PROBLEM DETAILS: Could you transcribe every record below exactly as written, excluding the pictures?

SUPPLIED RECORDS:
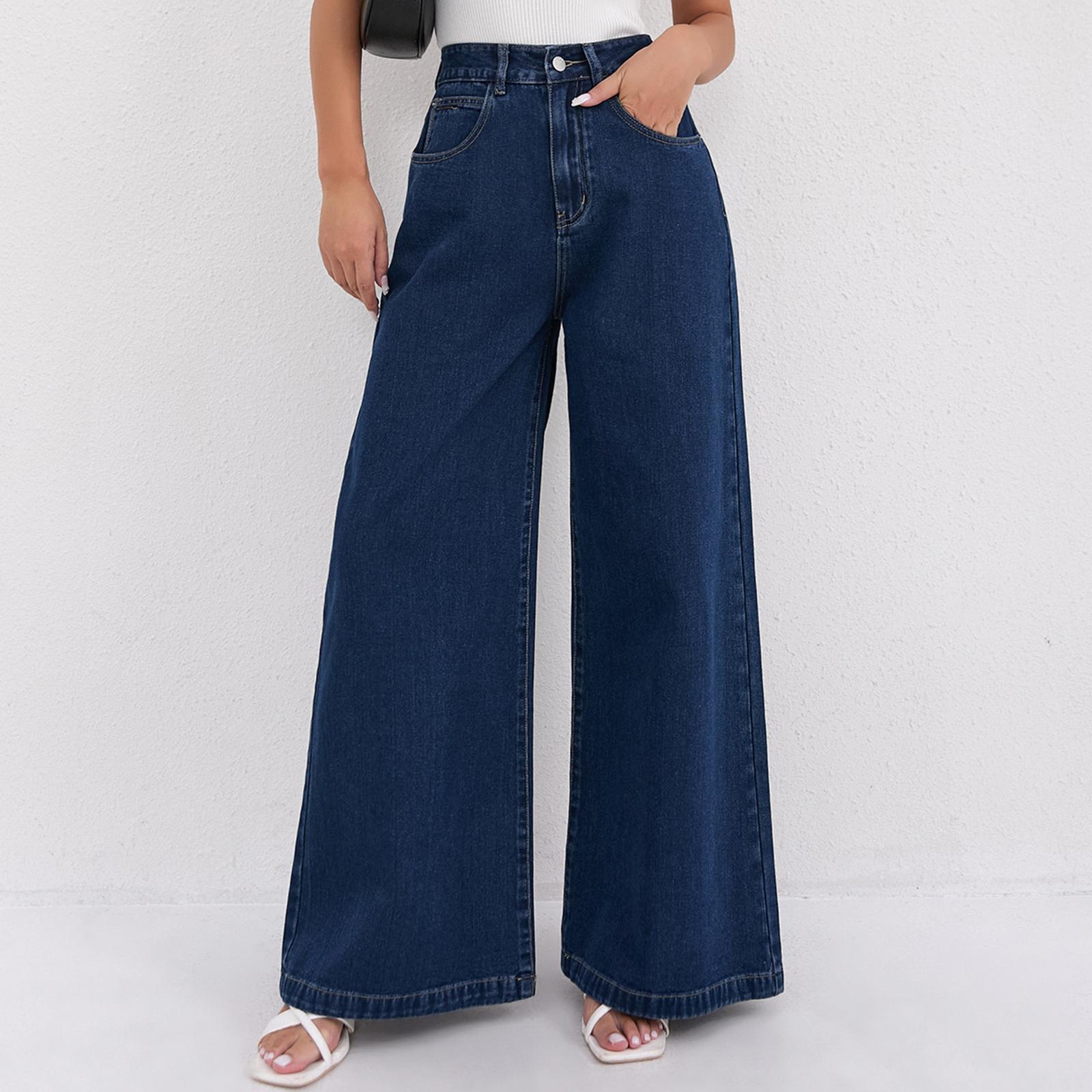 

Women s Trousers Large Size Stretch Jeans Loose Semi-Elastic Pants XXXL синий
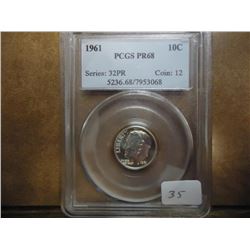 1961 SILVER ROOSEVELT DIME PCGS PR68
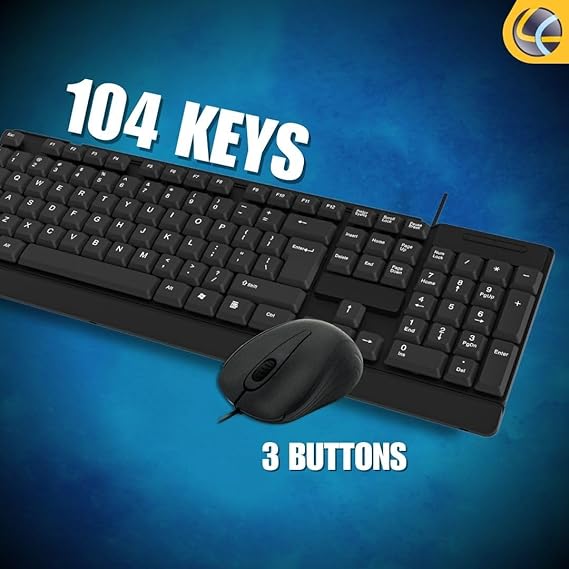 Wired Keyboard and Mouse Set with Adjustable Bracket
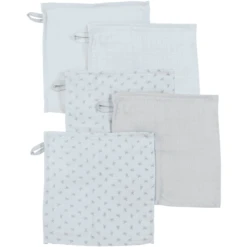 Roba Waschlappen 5er Set Lil Planet Hellblau 25 X 25 Cm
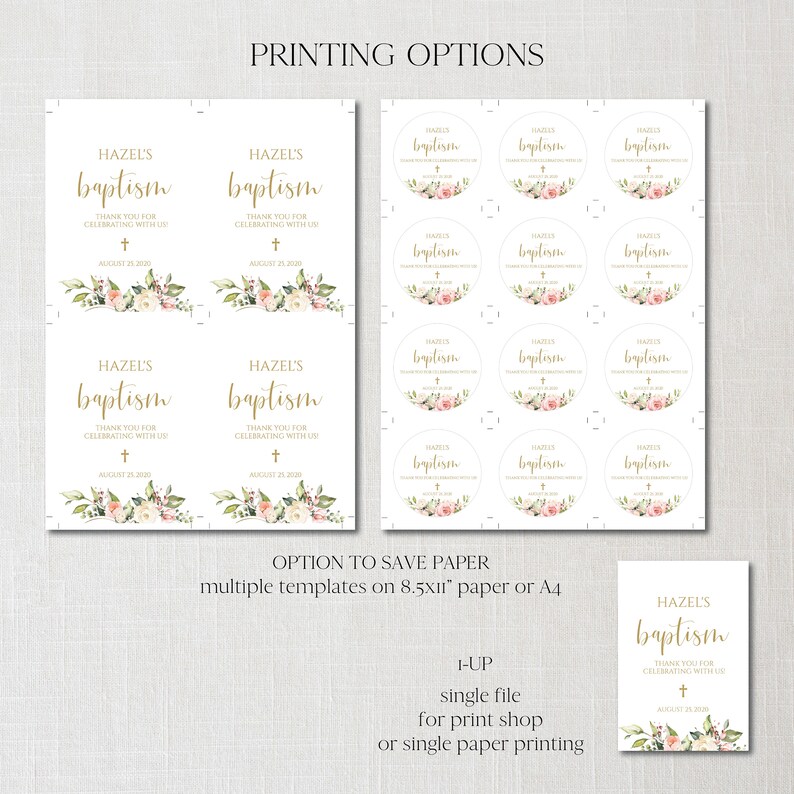 Round Favor Tags Template Printable Baptism Favor Tags First | Etsy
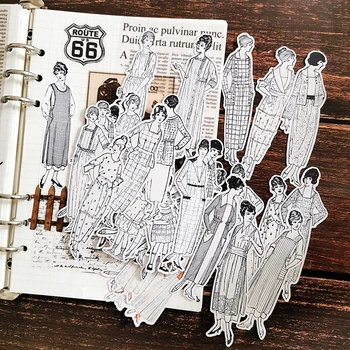 58pcs/sac alb-negru de epocă caracter autocolante DIY scrapbooking album junk jurnalul fericit planificator de autocolante decorative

ANSWER SECTION:
Women s Trousers Large Size Stretch Jeans Loose Semi-Elastic Pants XXXL синий
 1961 SILVER ROOSEVELT DIME PCGS PR68
 Wired Keyboard and Mouse Set with Adjustable Bracket
 Roba Waschlappen 5er Set Lil Planet Hellblau 25 X 25 Cm
 Round Favor Tags Template Printable Baptism Favor Tags First | Etsy
 58pcs/sac alb-negru de epocă caracter autocolante DIY scrapbooking album junk jurnalul fericit planificator de autocolante decorative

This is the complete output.